Four of the nation's biggest banks were sanctioned on Tuesday over failing to supervise the sale of risky products to retail investors.

The banks -- Citigroup, Morgan Stanley, UBS and Wells Fargo -- agreed to pay regulatory fines of more than $9 million to settle cases tied to exchange-traded funds.

The Financial Industry Regulatory Authority, Wall Street's self-regulator, accused the firms of failing to monitor the sale of so-called leveraged and inverse exchange-traded funds, risky variations on the common products, without a "reasonable basis" for recommending the securities.

"The added complexity of leveraged and inverse exchange-traded products makes it essential that brokerage firms have an adequate understanding of the products and sufficiently train their sales force before the products are offered to retail customers," J. Bradley Bennett, Finra's enforcement chief, said in a statement. "Firms must conduct reasonable due diligence and ensure that their representatives have an understanding of these products."

The regulator is close to bringing other cases related to whether E.T.F.'s were suitably marketed to investors, a person briefed on the matter said.

Wells Fargo faced the largest fine of the group, paying $2.1 million. The banks neither admitted nor denied the accusations, but consented to the entry of the regulator's findings.
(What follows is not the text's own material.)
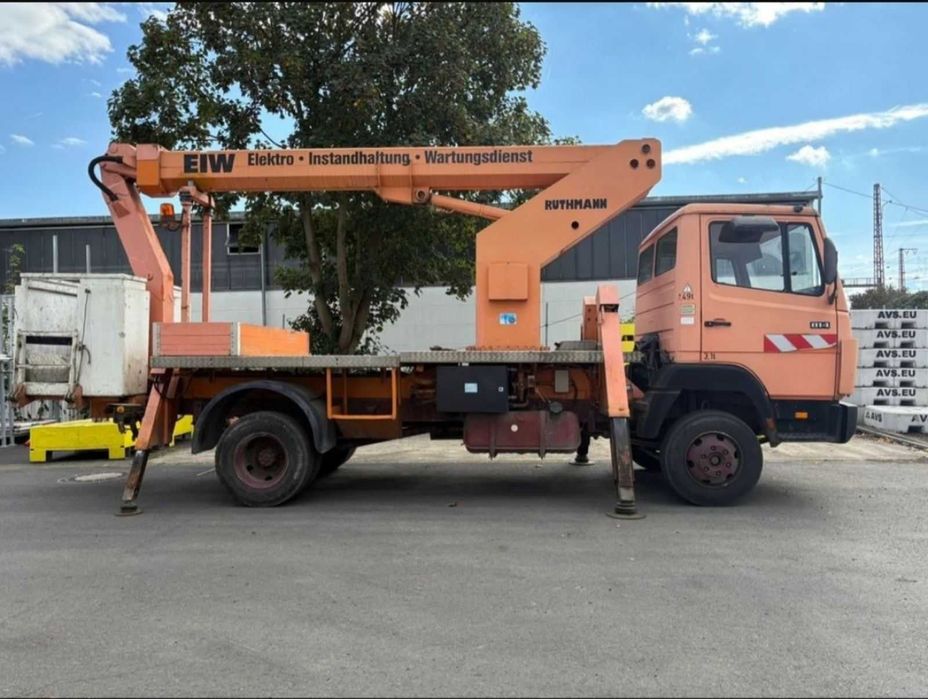 Hubarbeitsbuehne atbeitsbuehne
Exchange-traded funds have been heating up in recent years, moving from obscurity to prominence on Wall Street. The funds allow investors and financial firms to track a basket of stocks or commodities -- or an underlying benchmark like the Standard & Poor's 500-stock index -- through a single security.

Inverse funds allow investors to short an index, or bet against its performance, while leveraged funds enable investors to use debt and derivatives to enhance the performance. The complex instruments carry steeper risks than the plain vanilla exchange-traded-fund.
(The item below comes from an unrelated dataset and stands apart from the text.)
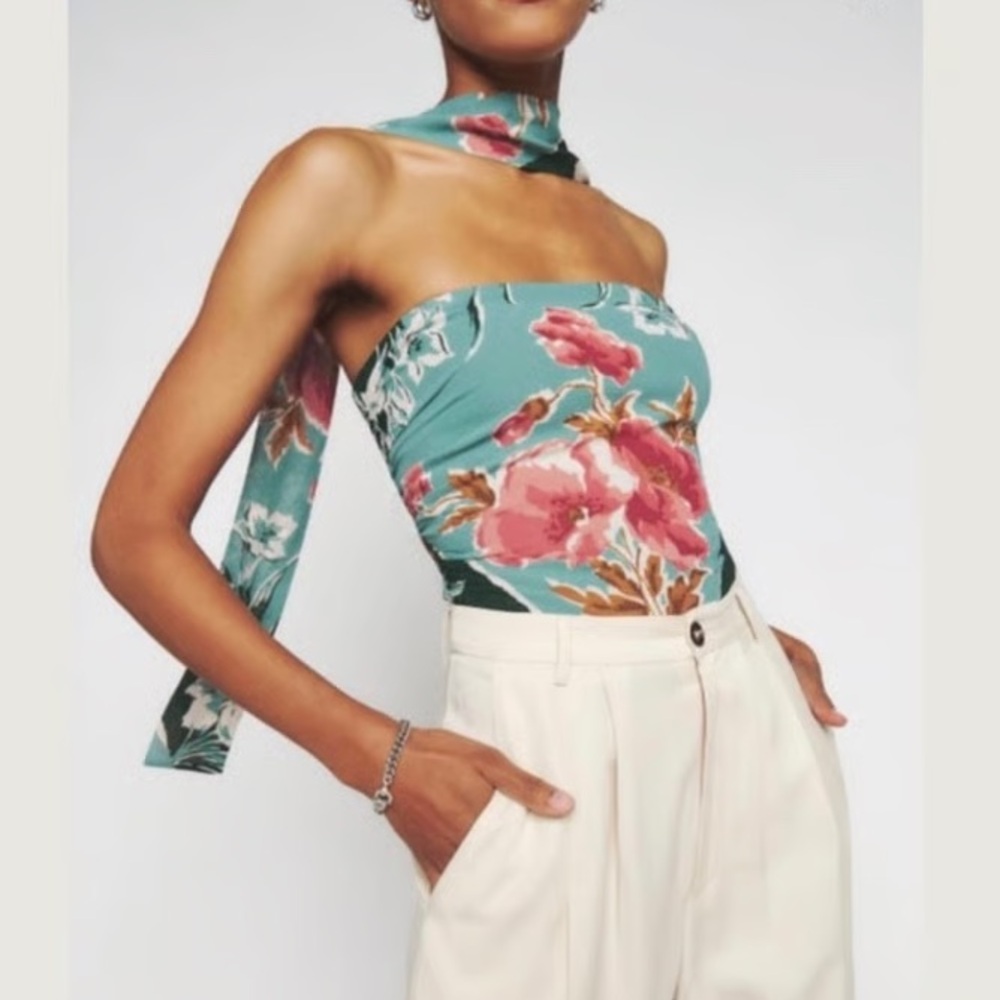 Reformation Lennon Top in Paloma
But from January 2008 through June 2009, a tumultuous time for the markets amid the financial crisis, the banks sold billions of dollars of these products to customers. The banks, according to the regulatory authority, did not sufficiently conduct due diligence about the various risks attached to the inverse and leveraged E.T.F.'s.

Brokerage firms are subject to a "suitability" standard, a legal requirement that they offer products that are appropriate but not necessarily in the best interests of their clients. In some cases, the regulator found that the four banks made "unsuitable" recommendations of the products to customers with conservative investment objectives.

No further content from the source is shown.